Si, dans la plupart des entreprises, les budgets de fonctionnement ont été revus à la baisse dans beaucoup de domaines, l’incentive reste l’un des rares secteurs où les investissements des entreprises sont plutôt orientés à la hausse. C’est en tout cas ce que confirme l’étude “Global Meetings Forecast 2016”, réalisée par American Express Meetings & Events. Selon celle-ci, l’activité MICE a cru en Europe en 2016, tant sur le plan des dépenses que sur celui du nombre d’événements organisés par les entreprises. Une progression des dépenses de 1,8 %, qui constitue une bonne nouvelle après plusieurs années de baisses régulières. Pour la France, c’est encore mieux puisque les entreprises interrogées tablaient pour 2016 sur une hausse des budgets individuels de 3,3 %.

Cela dit, même si les cordons de la bourse se relâchent quelque peu, les entreprises ne vont pas pour autant abandonner les nouvelles pratiques en matière de MICE qui se sont installées ces dernières années. Ainsi, la durée moyenne, quel que soit le type d’événement concerné, devrait continuer de se réduire, d’au moins une journée. Entre 2015 et 2016, les réunions internes et de top management sont passées en moyenne de 3 à 1,6 jours et les événements commerciaux de 2,7 à 1,5 jours, pour ne citer que ces exemples. Et pour ce qui est des types d’événements plébiscités pour 2016, les incentive et les événements spéciaux sont clairement orientés à la hausse.

Rentabilité et efficacité

92 % des choix de séminaires sont faits en fonction du lieu dudit séminaire, contre 75 % pour le mode de transport et 68 % pour la satisfaction des participants lors d’un séminaire précédent.Autre tendance : les entreprises préfèrent désormais investir dans l’événement lui-même plutôt que dans les annexes, comme les coûts de transports. Les destinations lointaines et exotiques sont ainsi délaissées, à la fois pour des questions de coûts des déplacements, mais aussi de temps. La tendance pour une localisation des événements plus proche, notamment en France pour les entreprises françaises, devrait encore se renforcer. En parallèle, les entreprises veulent que ces événements aient davantage de sens et que leur portée aille bien au-delà des quelques jours pendant lesquels les équipes sont réunies.

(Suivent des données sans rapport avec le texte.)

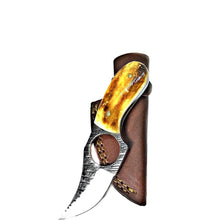 Load image into Gallery viewer, Finger Hole Utility Knife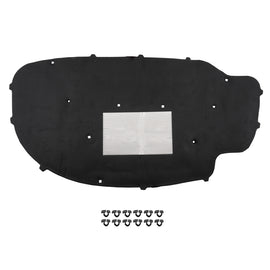 Soundproofing geschikt voor Motorkap geschikt voor Volkswagen Golf V Variant 2007-2009 1K0863831D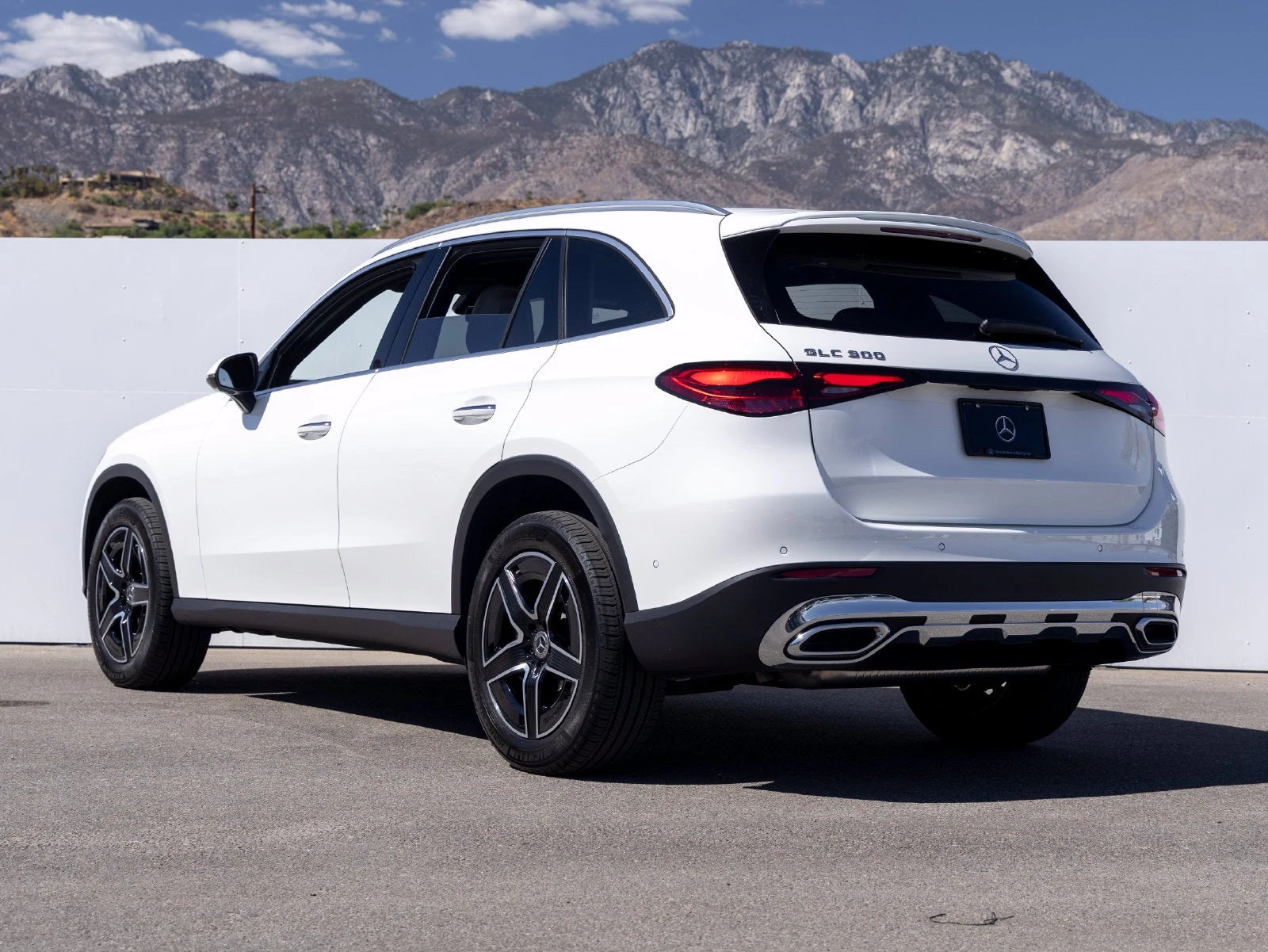 2026 Mercedes-Benz GLC 300 (X254), 4/20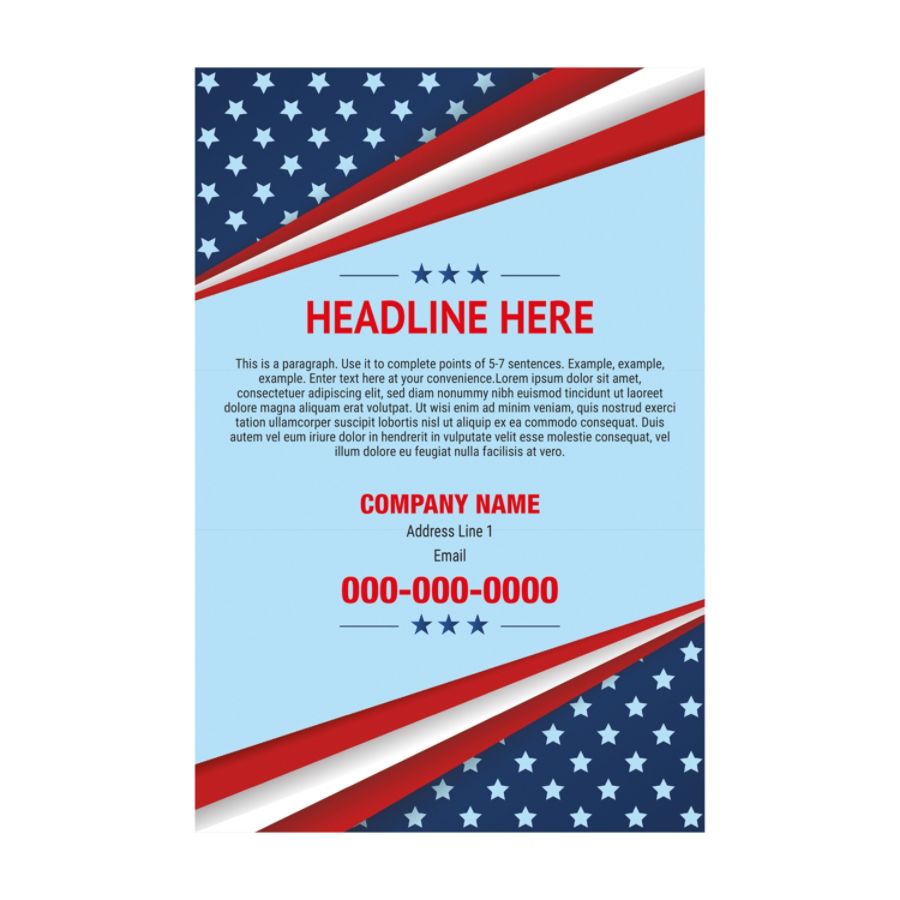 A Frame Sandwich Board Sidewalk Sign Template 24 X 36 Insert Cross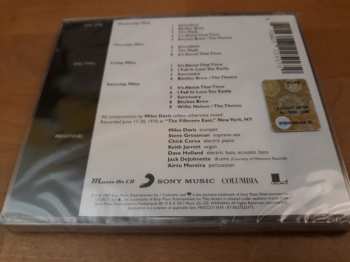 2CD Miles Davis: Miles Davis At Fillmore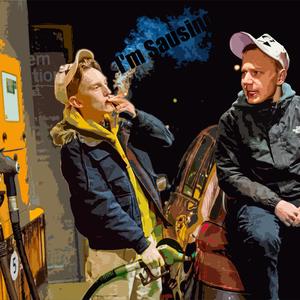 I'm Sausing (feat. 2,Cuzz)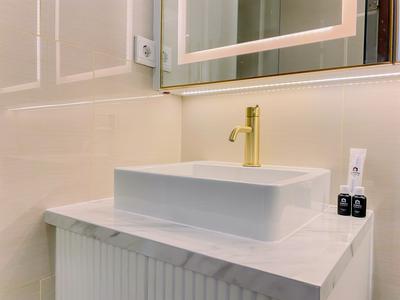 Apartemen Vasaka Solterra - Enjoy and Cozy Living Studio Vasaka Solterra Apartment By Travelio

En substance, si l’objectif général d’un séminaire reste de créer ou de renforcer la cohésion et le dynamisme d’un groupe, il faut que les effets s’en fassent ressentir tout au long de l’année. Et il en va de même pour les incentive à caractère commercial où le but est de renforcer les liens avec les partenaires de l’entreprise. L’événement doit «faire date» et être marquant par la qualité de son contenu. Cette originalité est d’autant plus importante que les événements professionnels ont désormais un retentissement plus fort au sein de l’entreprise, du fait notamment de l’émergence d’une nouvelle tendance : la digitalisation des manifestations.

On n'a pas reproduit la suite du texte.